Japan, with no energy resources and with less than one-half the population and one-sixtieth the territory of the Soviet Union, has a per-capita income more than twice as high. With its growth far outpacing Moscow’s, Japan will leave the Soviet Union hopelessly behind in the next century. More ominous from the Kremlin’s point of view, the Japanese government has recently rescinded the formal limitation keeping defense spending under one percent of GNP and has undertaken a significant, though still modest, program to upgrade its defenses.
Like all Soviet leaders, Gorbachev approaches foreign policy with the long term in mind. Americans think in terms of decades. The Soviets think in terms of centuries. He knows the Soviet Union cannot ignore these ominous trends in the Far East. For Moscow, threats in the future are problems in the present.
As he looks to the south, the threat is already at hand: The Soviet Union is mired in a war in Afghanistan with no prospect for a quick victory. Eight years after the invasion, the Kremlin
still cannot pull out its 120,000 troops without precipitating a collapse of the communist government in Kabul. More than 25,000 Soviet troops have been killed in action. Over $40 billion has been spent on the war, and expenses are running at over $10 billion annually. Its forces have ravaged the countryside, yet Moscow controls little more than the country’s major cities and the main roads. What’s worse, the war carries the risk for ominous political repercussions among the Soviet Union’s Muslim peoples.
No one should doubt that Moscow has the potential power to prevail. But at the current rate victory will not come for at least twenty years, and it may never come. For the Kremlin leaders, there is no light at the end of the tunnel.

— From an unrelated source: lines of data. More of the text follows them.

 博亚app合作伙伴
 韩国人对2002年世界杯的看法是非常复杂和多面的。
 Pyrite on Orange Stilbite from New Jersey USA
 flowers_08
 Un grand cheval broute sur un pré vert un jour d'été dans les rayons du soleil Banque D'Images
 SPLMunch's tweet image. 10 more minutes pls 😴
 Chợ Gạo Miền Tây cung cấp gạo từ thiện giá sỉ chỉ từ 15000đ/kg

When Gorbachev looks beyond the regions on his immediate frontiers, he finds all his communist clients in the Third World queuing up for handouts. They are not allies but dependencies. Not one of Moscow’s friends in the Third World could survive without massive economic subsidies or military assistance. Lenin wrote that capitalist countries turned to imperialism as a profit-making venture. If that was true, the communist revolution in Russia certainly did usher in a new era, since Moscow’s empire impoverishes rather than enriches the Kremlin. Vietnam costs the Soviet Union over $3.5 billion a year, Cuba over $4.9 billion, Angola, Mozambique, and Ethiopia a total of over $3 billion, and Nicaragua over $1 billion. Moscow’s imperial domain costs the Kremlin over $35 million a day.

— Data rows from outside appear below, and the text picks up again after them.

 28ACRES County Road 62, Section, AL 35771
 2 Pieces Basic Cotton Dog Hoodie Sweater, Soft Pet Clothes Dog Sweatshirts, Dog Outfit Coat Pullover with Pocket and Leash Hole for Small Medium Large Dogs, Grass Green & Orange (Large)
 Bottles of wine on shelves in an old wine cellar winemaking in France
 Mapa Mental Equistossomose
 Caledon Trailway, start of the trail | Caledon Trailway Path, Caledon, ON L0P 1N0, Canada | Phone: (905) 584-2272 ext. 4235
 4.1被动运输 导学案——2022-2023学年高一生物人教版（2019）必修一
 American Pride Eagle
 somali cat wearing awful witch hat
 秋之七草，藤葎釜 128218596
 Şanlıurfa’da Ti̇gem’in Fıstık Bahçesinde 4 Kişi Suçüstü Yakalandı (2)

When Gorbachev looks at the battle of ideas, he sees that the communist ideology has lost its appeal. After a visit to the Soviet Union seventy years ago, a liberal newspaper reporter, Lincoln Steffens, wrote: “I have seen the future and it works.” Now we have all seen that future and it does not work. This is true not only in Eastern Europe and the Soviet Union itself, where the people have lived under communism in practice, but also in the rest of the world. In the 1950s, many noncommunists in the Third World admired the Soviet model of economic development. Today, no Third World government aspires to become a bureaucratic nightmare like the Soviet Union, with its jungles of red tape and its stagnant swamp of an economy. In the 1930s, Americans who spied for Moscow acted out of ideological conviction. Today, Americans who have been convicted of spying for the Soviets did it for cold, hard cash.